◆ DATA TO PROCESS
━━━━━━

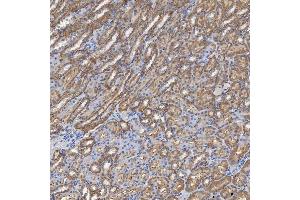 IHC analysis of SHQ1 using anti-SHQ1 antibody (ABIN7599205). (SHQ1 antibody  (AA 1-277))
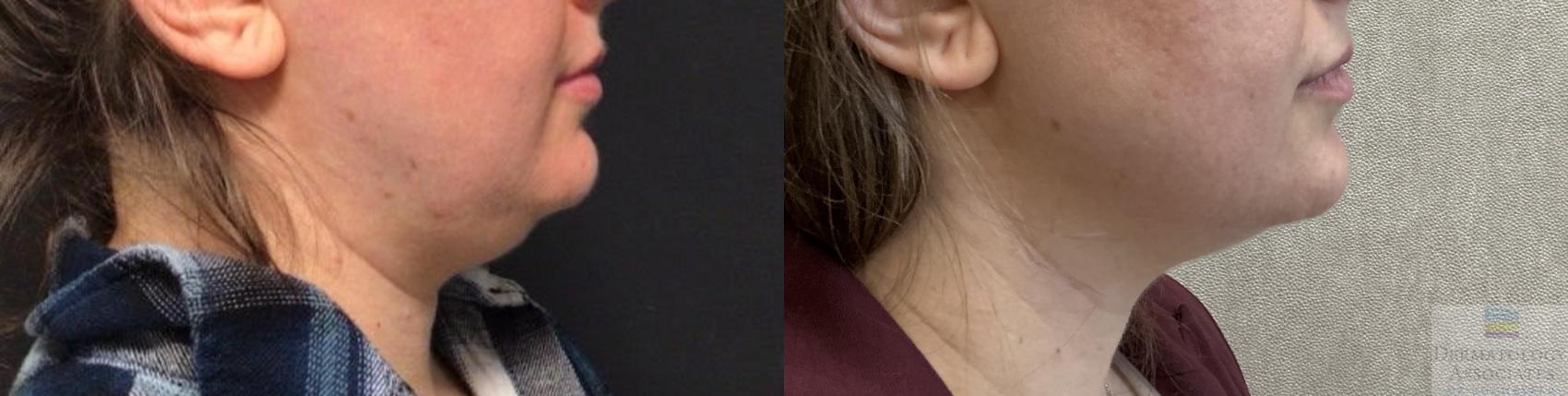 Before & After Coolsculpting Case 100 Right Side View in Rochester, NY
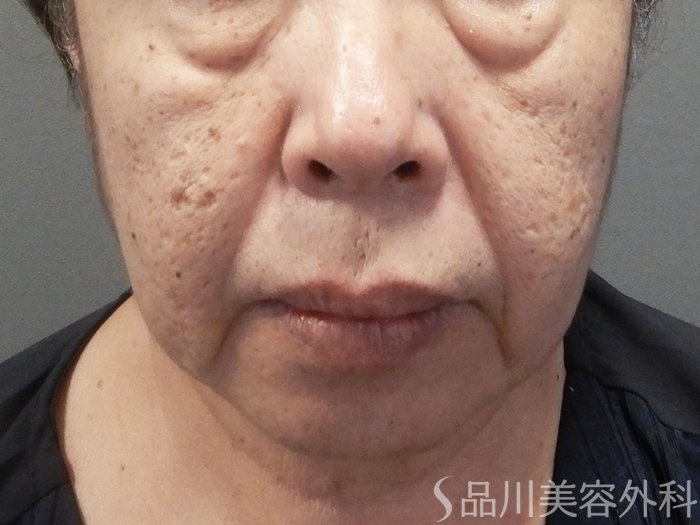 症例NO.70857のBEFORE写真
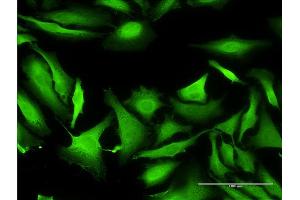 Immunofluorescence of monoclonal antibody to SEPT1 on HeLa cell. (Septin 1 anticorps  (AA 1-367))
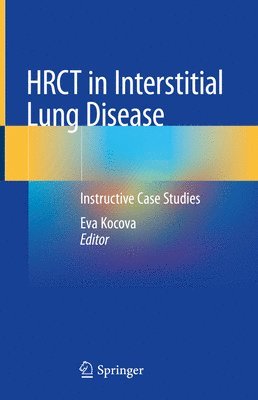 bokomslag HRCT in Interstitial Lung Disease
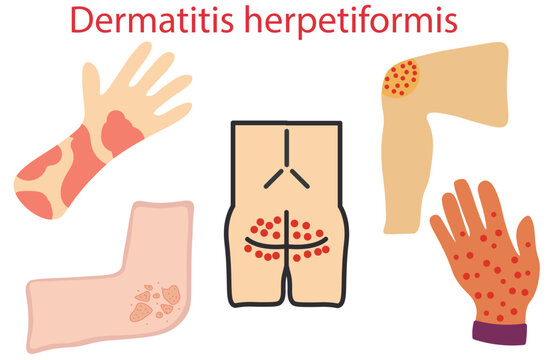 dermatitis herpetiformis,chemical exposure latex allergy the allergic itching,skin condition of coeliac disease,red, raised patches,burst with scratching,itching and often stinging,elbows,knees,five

━━━━━━

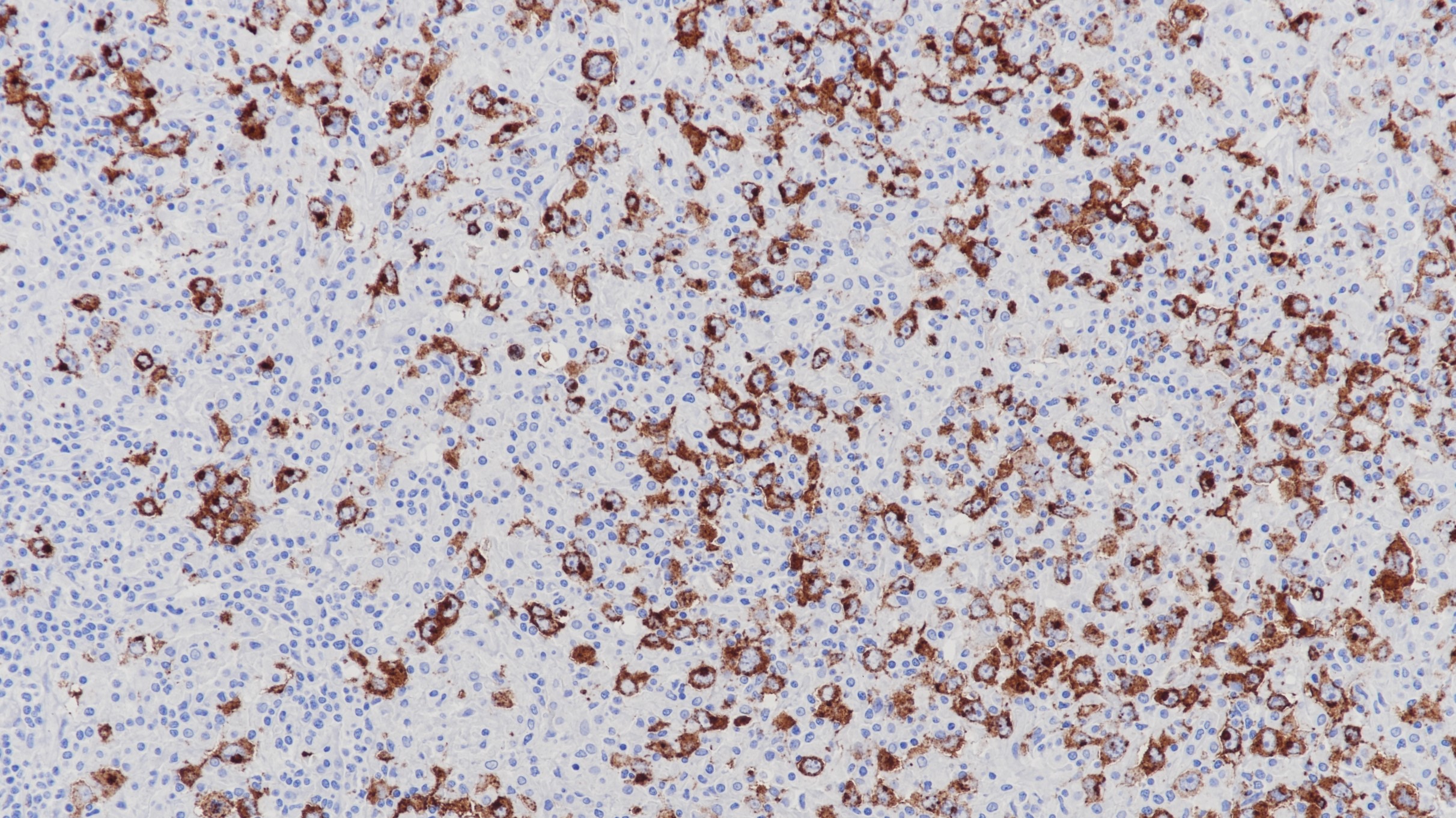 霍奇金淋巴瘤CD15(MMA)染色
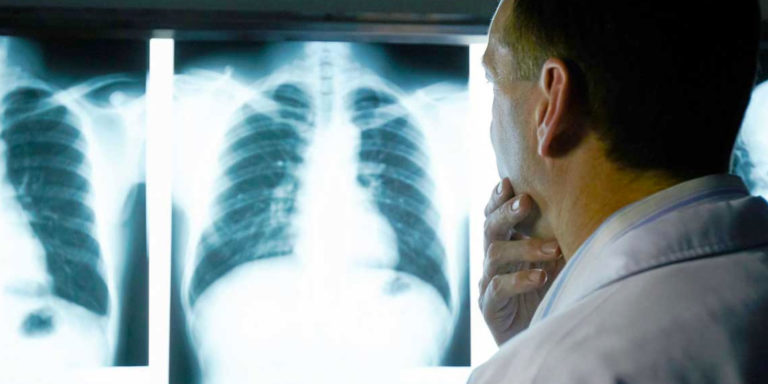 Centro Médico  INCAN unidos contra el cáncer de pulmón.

━━━━━━

◆ WHAT IS EXPECTED
In the listing above, find the line with "IHC analysis of" and output every line through the one with "dermatitis herpetiformis,chemical exposure", exactly, without the pictures.

◆ ANSWER FOR THE TASK
 IHC analysis of SHQ1 using anti-SHQ1 antibody (ABIN7599205). (SHQ1 antibody  (AA 1-277))
 Before & After Coolsculpting Case 100 Right Side View in Rochester, NY
 症例NO.70857のBEFORE写真
 Immunofluorescence of monoclonal antibody to SEPT1 on HeLa cell. (Septin 1 anticorps  (AA 1-367))
 bokomslag HRCT in Interstitial Lung Disease
 dermatitis herpetiformis,chemical exposure latex allergy the allergic itching,skin condition of coeliac disease,red, raised patches,burst with scratching,itching and often stinging,elbows,knees,five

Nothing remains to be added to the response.